Activation Functions and Backpropagation Tutorial

Introduction to Activation Functions and Backpropagation

In the rapidly evolving world of artificial intelligence, understanding the core components of neural networks is essential. This tutorial is designed to help students tackling CAP4613/5619 homework #1 on activation functions and backpropagation. We'll explore how these elements affect learning, using timely examples from current AI trends like the rise of generative models and efficient deep learning frameworks. By the end, you'll be ready to plot gradients, compute losses, and train simple networks.

Why Activation Functions Matter

Activation functions introduce non-linearity into neural networks, allowing them to learn complex patterns. As noted in your assignment, the learning speed depends on the gradient magnitude. Let's break down the four regions:

Fast learning region: |gradient| > 0.99
Active learning region: 0.01 ≤ |gradient| ≤ 0.99
Slow learning region: 0 < |gradient| < 0.01
Inactive learning region: gradient = 0

These regions help us understand why some activation functions train faster than others. For example, ReLU's gradient is 1 for positive inputs (fast region) and 0 for negative inputs (inactive), which can cause dead neurons. Meanwhile, the logistic sigmoid saturates for large positive or negative values, leading to slow learning.

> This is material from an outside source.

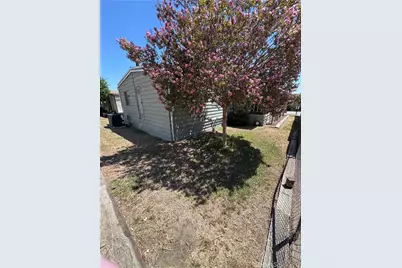 12001 Foothill Boulevard #24, Lake View Terrace, CA 91342 - Photo 30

Plotting Gradients: A Step-by-Step Approach

To complete Problem 1, you'll need to plot the gradient of each activation function from -5 to 5. Here's a quick guide using Python with NumPy and Matplotlib:

import numpy as np
import matplotlib.pyplot as plt

x = np.linspace(-5, 5, 1000)

# ReLU gradient
def relu_grad(x):
    return np.where(x > 0, 1, 0)

plt.plot(x, relu_grad(x))
plt.title('ReLU Gradient')
plt.show()

For the logistic sigmoid, the gradient is σ(x)(1-σ(x)). The piecewise linear unit has a gradient of 0.2 for x < -1, 1 for |x| ≤ 1, and 0 for x > 1. Swish (x * sigmoid(x)) has a gradient that is always positive but small for large negative values. ELU with α=0.1 has gradient 1 for x ≥ 0 and 0.1*exp(x) for x < 0. GELU's gradient involves the error function; you can approximate it using the tanh approximation.

Backpropagation Through a Simple XOR Network

Problem 2 involves a neural network for XOR with a sigmoid output. The network is defined as f(x) = σ(w·max(0, Wx + c) + b). Initial parameters: W = [[1,1],[1,1]], c = [0,-1], w = [1,-2], b = -0.5. The four training samples are (0,0)→0, (0,1)→1, (1,0)→1, (1,1)→0.

Let's compute the forward pass for sample (0,0):

z = Wx + c = [0, -1]
h = max(0, z) = [0, 0]
a = w·h + b = -0.5
output = σ(a) = 1/(1+exp(0.5)) ≈ 0.3775
Loss = -[y*log(output) + (1-y)*log(1-output)]; for y=0, loss ≈ -log(0.6225) ≈ 0.474

Repeat for other samples. The gradients for parameters can be computed using chain rule; for w1, ∂L/∂w1 = (output - y) * h1. Since h1=0 for (0,0), gradient is 0. For b, ∂L/∂b = (output - y).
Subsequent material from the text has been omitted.